“We assess that Saudi Arabia’s Crown Prince Muhammad bin Salman approved an operation in Istanbul, Turkey to capture or kill Saudi journalist Jamal Khashoggi,” reads the report, which was released by the Office of the Director of National Intelligence on Friday.
The report cites Prince Mohammed’s “control of decisionmaking in the Kingdom,” as well as the involvement of some of his security detail, as proof that he approved the murder.
Activists have long accused the prince of orchestrating the killing, and the report backs up their claims. However, it does so without providing any concrete evidence. Prince Mohammed’s involvement is only an “assessment,” while the spies could only conclude that at the time of the murder, he “probably fostered an environment” in which his aides didn’t question his orders, and declared it “highly unlikely” that the operation would have been carried out without his blessing.
The Saudi royal has already responded to such accusations. He denied ordering the murder, but apologized in 2019 for allowing it to happen “under [his] watch.”
In its conclusion, the report is still vague. The intelligence community stated that it still doesn’t know whether the team traveled to Istanbul with the express purpose of killing Khashoggi, and that Prince Mohammed only “broadly supported using violent measures if necessary to silence him.”

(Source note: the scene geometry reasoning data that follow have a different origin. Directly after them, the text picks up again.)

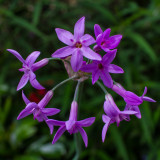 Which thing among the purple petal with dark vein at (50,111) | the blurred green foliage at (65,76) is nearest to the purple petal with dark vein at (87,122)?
the purple petal with dark vein at (50,111)

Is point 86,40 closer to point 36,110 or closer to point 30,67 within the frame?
point 30,67

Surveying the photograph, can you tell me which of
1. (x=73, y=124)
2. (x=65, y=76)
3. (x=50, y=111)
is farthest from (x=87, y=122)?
(x=65, y=76)

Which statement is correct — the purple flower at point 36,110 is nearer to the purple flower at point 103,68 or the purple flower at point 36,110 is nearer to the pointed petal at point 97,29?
the purple flower at point 103,68

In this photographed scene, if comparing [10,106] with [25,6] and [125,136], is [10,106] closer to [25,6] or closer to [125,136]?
[25,6]

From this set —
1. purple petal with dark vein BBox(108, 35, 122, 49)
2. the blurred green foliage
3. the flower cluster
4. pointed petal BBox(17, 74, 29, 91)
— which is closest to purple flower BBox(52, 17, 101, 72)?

Some sections of the three-page report are redacted. These sections apparently include identifying information on the men responsible for the killing, and information signifying which intelligence agency contributed each piece of text.
The publication of the report will likely strain US-Saudi relations, or at least put President Joe Biden under pressure to criticize the crown prince. Biden spoke by phone with Saudi King Salman on Thursday, but there is no mention of the two discussing Khashoggi or the report in the official White House readout of the call.